Kategoriler

Arşivler


Tarih 30 May 2015 Kategori: Melek KIRICI

Bir Dilek Dile Hayattan – 25

Bir Dilek Dile Hayattan – 25

Okul yolu bu kez dönüş için eşlik ediyordu gençlere. Cıvıl cıvıldı hepsi. İçlerinden bazıları bir yerlere gitme teklifinde bulunuyorlardı dağılmadan önce. Dilek sesini yükseltti o an. 

-Hadi tersaneye doğru inelim. Şen pastanesine gidelim, ağzımız tatlansın. Ben prenses pastası yemek istiyorum; en güzel orası yapar. 

Gençlerin hepsi fikri harika bulmuşlardı. Dilek’ten böyle bir teklifin ilk kez geldiğinin farkında bile değildi hiç biri. Başarı bu muydu yoksa? Işık özünde varsa yansırdı. Dış etkenler istiyor diye asla yansıyamazdı. İçte olmalıydı her şey. Başarıyordu, başaracaktı da… Kendisi hayatı yönetebilir, bu oyunda hangi rol verilmişse en başarılı haliyle oynayıp perdeyi kapatabilirdi. 

Gün çok güzel geçmiş, şehrin gezilmedik sokağı kalmamıştı. Evlerin zillerini çalıp çalıp kaçıyorlardı. Sığamamışlardı şehre. Mutluydular. Bitirdiklerinin ne olduğunu, neye başlayacaklarını bilmeden, içlerinin coşkusuyla yaşanası bir mutluluktu o gün hepsinin başında dolaşan.

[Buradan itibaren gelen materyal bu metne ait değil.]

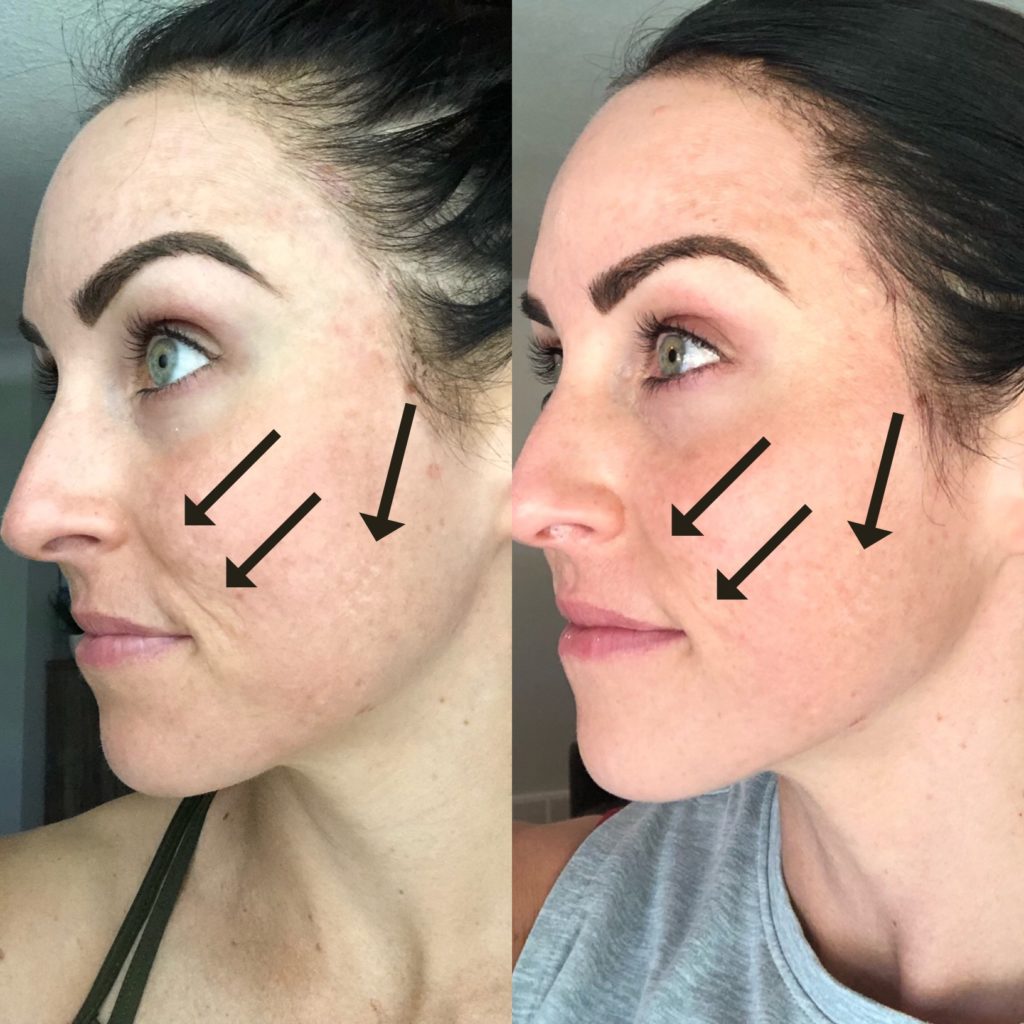 How Long Does It Take to See Results From Micro Needling?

Akşam güneşi yüzüne iyice vurmuştu yol boyu. Bahçe kapısından içeri girdiğinde halasının evde olduğunu gördü. Elinde diplomasıyla içeri girip hepsini öptü, başarı belgelerini gösterdi. Her yıl olduğu gibi takdir belgesini de dedesine verdi. Gözleri doldu iki yaşlı çınarın. Onurlandılar. O zamanlar lise okumak çok önemliydi. Halası da tebrik etti yeğenini. 

Çalan dış kapının sesiyle bahçeye fırladı. Tebrik etmek için gelen biri vardı. O kişi, Sadiye yengesinden başkası değildi. Sırdaşı, merhamet timsali güzel yürekli kadın, kapıda gözleri dolu dolu Dilek’e bakıyordu. 

Bu güzel yürekli kadın, Dilek’in başarılarında en büyük imzayı atmıştı farkında olmadan… Güvenip inanmış, dinlemişti hep. Dilek’in hayatının her yılında aynı önemi koruyacaktı artık. Karşısındaki birçok insana kendini dinletebilecek güce erişse bile, O Sadiye Yengesini hep dinleyecekti. Sözünü dikkatle dinleyeceği bir anne örneği olarak hayatında hep çok güzel bir yerde bulunacaktı.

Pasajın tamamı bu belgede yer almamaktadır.